Monday 14 March 2016


            He was born in Libave (Liepāja), Courland, into a rabbinical family.  He studied in religious primary school and yeshivas, and secular subjects and languages with private tutors.  He was a son-in-law of the Gaon of Telz, R. Eliezer, from whom he received ordination into the rabbinate.  He was later rabbi in Talsen (Talsi), Courland, where he lived until WWI.  When the Tsarist government expelled the Jews from the war theaters, he was deported with all the local Jews deep into Russia.  He returned at the beginning of 1919 from Russia, was a cofounder and the first director of Bet Midrash Lemorim (Teachers’ seminary) in Telz (1920), and thereafter became headmaster (rosh yeshiva) of the Slobodka Yeshiva.  From 1924 until WWII, he was rabbi in Vierzhbolove (at the Lithuanian-German border).  He published articles in: Hatsfira (The siren) and Moment (Moment) in Warsaw; Haneeman (The faithful) and Der yidisher leben (The Jewish life) in Telz; Dos vort (The word) in Vilna; and other serials.  He was the author of religious texts in Yiddish and in Hebrew, such as: Beys yisroel, dos hoyz fun yisroel (The house of Israel), “moral writings for the Jewish house” (Warsaw, 1900), part 1, 48 pp.; Halikhot am olam (The demeanor of the eternal people), “a short Jewish history, revised according to the latest Jewish sources” (Kovno, 1929), 114 pp.  He also published other religious texts in Yiddish under the pen name YA″H.  He translated Samson Raphael Hirsch’s work from German into Hebrew and Yiddish: Metav higayon (The best logic) (Vilna, 1913), 196 pp.; Rosh hashana, 16 pp.; Yom kipur (Day of atonement), 26 pp.; Sukot (Festival of booths), 16 pp.; Hashabat (The Sabbath), 45 pp.; Briv (Letters), 180 pp.  All of these were published in Warsaw in 1926.  R. Hirshovits was murdered by the Nazis in the first days of the month of July 1941, together with all of the Jews of Vierzhbolove.

Sources: Sh.
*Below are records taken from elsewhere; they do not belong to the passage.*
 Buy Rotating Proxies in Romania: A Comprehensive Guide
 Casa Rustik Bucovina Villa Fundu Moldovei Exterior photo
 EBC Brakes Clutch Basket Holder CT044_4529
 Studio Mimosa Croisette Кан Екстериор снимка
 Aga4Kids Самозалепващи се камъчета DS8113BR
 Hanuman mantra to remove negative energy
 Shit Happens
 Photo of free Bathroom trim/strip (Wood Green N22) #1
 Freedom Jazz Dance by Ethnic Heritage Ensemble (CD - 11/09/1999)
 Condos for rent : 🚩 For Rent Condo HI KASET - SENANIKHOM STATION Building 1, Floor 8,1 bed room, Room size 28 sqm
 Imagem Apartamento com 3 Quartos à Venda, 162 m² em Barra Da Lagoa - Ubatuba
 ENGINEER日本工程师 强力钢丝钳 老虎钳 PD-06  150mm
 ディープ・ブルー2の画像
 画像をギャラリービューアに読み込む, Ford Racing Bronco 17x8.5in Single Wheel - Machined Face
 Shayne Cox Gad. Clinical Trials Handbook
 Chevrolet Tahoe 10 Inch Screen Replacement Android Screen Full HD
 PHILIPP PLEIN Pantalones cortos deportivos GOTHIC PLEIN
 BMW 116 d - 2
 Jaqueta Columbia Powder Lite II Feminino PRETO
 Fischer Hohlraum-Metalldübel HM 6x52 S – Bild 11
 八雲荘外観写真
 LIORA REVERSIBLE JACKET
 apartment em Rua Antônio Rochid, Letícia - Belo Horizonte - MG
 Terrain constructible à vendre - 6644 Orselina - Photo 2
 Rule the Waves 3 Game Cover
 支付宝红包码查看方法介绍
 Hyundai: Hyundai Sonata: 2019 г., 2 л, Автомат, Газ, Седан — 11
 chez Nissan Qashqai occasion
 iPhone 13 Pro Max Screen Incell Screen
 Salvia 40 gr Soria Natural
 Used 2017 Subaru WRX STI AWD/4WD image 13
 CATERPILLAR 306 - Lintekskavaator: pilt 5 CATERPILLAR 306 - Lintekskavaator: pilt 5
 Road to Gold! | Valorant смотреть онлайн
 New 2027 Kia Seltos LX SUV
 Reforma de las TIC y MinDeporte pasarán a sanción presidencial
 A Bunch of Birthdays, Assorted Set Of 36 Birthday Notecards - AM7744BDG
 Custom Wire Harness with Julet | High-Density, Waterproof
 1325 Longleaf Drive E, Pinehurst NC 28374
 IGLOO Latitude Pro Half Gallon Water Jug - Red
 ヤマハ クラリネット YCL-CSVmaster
Duber Gotlib, Sefer ohole shem (The Jewish people) (Pinsk, 1912), p. 84; Kh. D. Fridberg, in Bet eked sefarim (Library) (Tel Aviv, 1956); Sh. Greyniman, in Dos vort (Vilna) (July 22, 1926); Biblyografishe yorbikher fun yivo (Bibliographic yearbooks from YIVO) (Warsaw, 1927); Froym Oshri, Divre efrayim (Commentaries of Efrayim) (New York, 1949); p. 117; E. R. Malachi, in Leksikon fun der nayer yidisher literatur (Biographical dictionary of modern Jewish literature), vol. 1 (New York, 1956), in the bibliography of Ben-Tsien Alfes; M. Gifter, in Dos yidishe vort (The Jewish word) (New York) (May 1957).